## Records provided
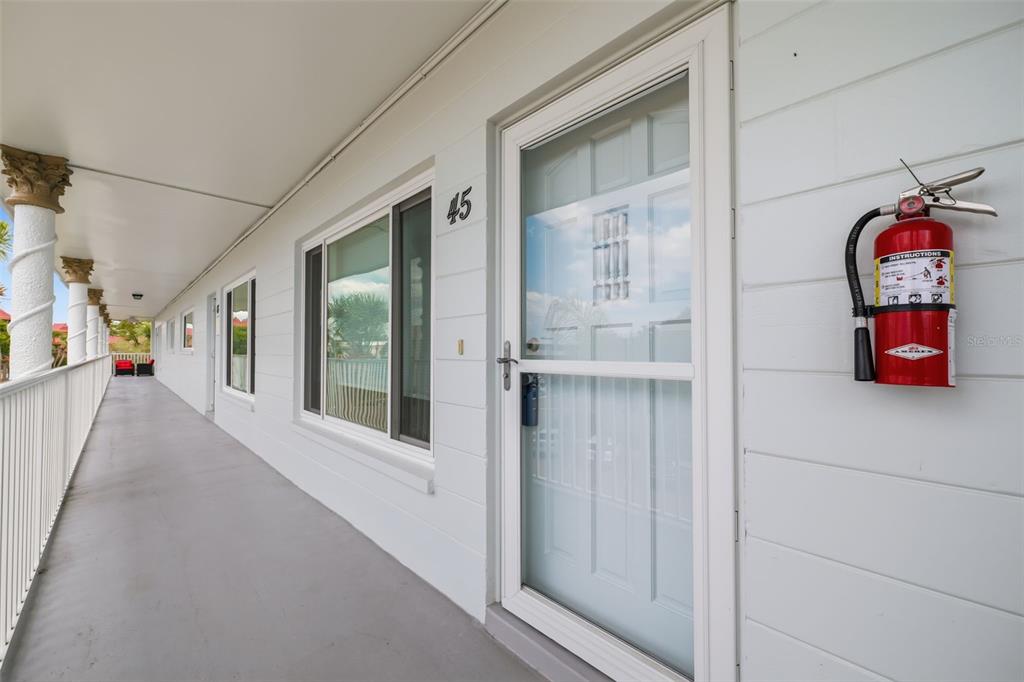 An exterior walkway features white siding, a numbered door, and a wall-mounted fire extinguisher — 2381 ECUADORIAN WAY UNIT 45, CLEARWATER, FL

---

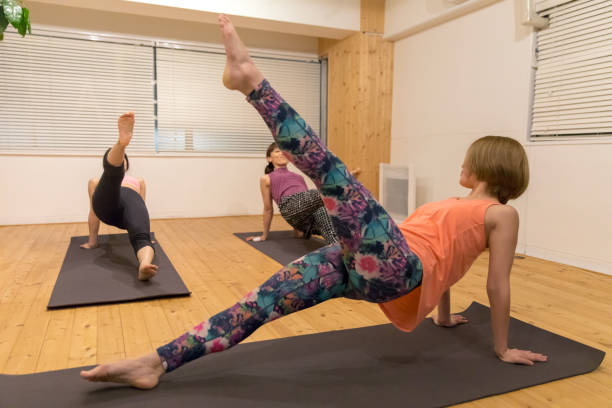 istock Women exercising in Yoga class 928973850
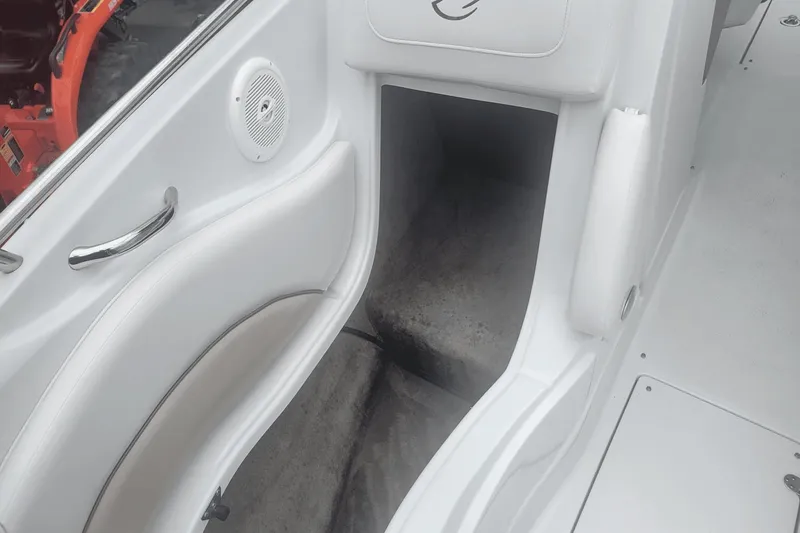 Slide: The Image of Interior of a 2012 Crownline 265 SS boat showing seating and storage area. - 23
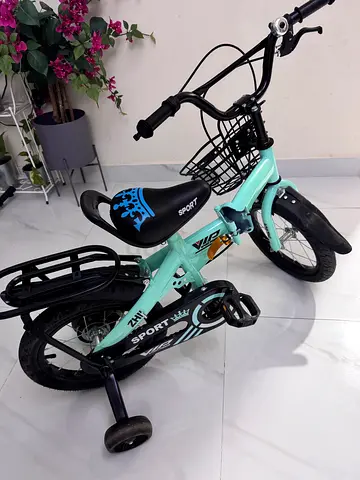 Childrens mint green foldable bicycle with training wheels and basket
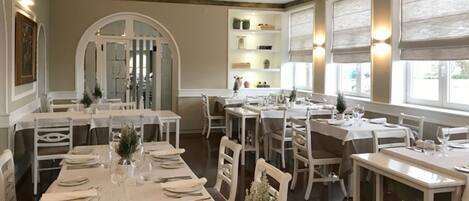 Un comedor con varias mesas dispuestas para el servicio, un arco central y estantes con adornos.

* * *

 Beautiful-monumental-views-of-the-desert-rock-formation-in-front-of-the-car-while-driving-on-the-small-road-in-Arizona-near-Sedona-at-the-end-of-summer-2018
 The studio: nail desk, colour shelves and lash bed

## Activity
Transcribe exactly the lines above, beginning at the one with "Childrens mint green" and going up to and including the one with "Un comedor con". Pictures do not belong in the copy.

## Exercise answer
 Childrens mint green foldable bicycle with training wheels and basket
 Un comedor con varias mesas dispuestas para el servicio, un arco central y estantes con adornos.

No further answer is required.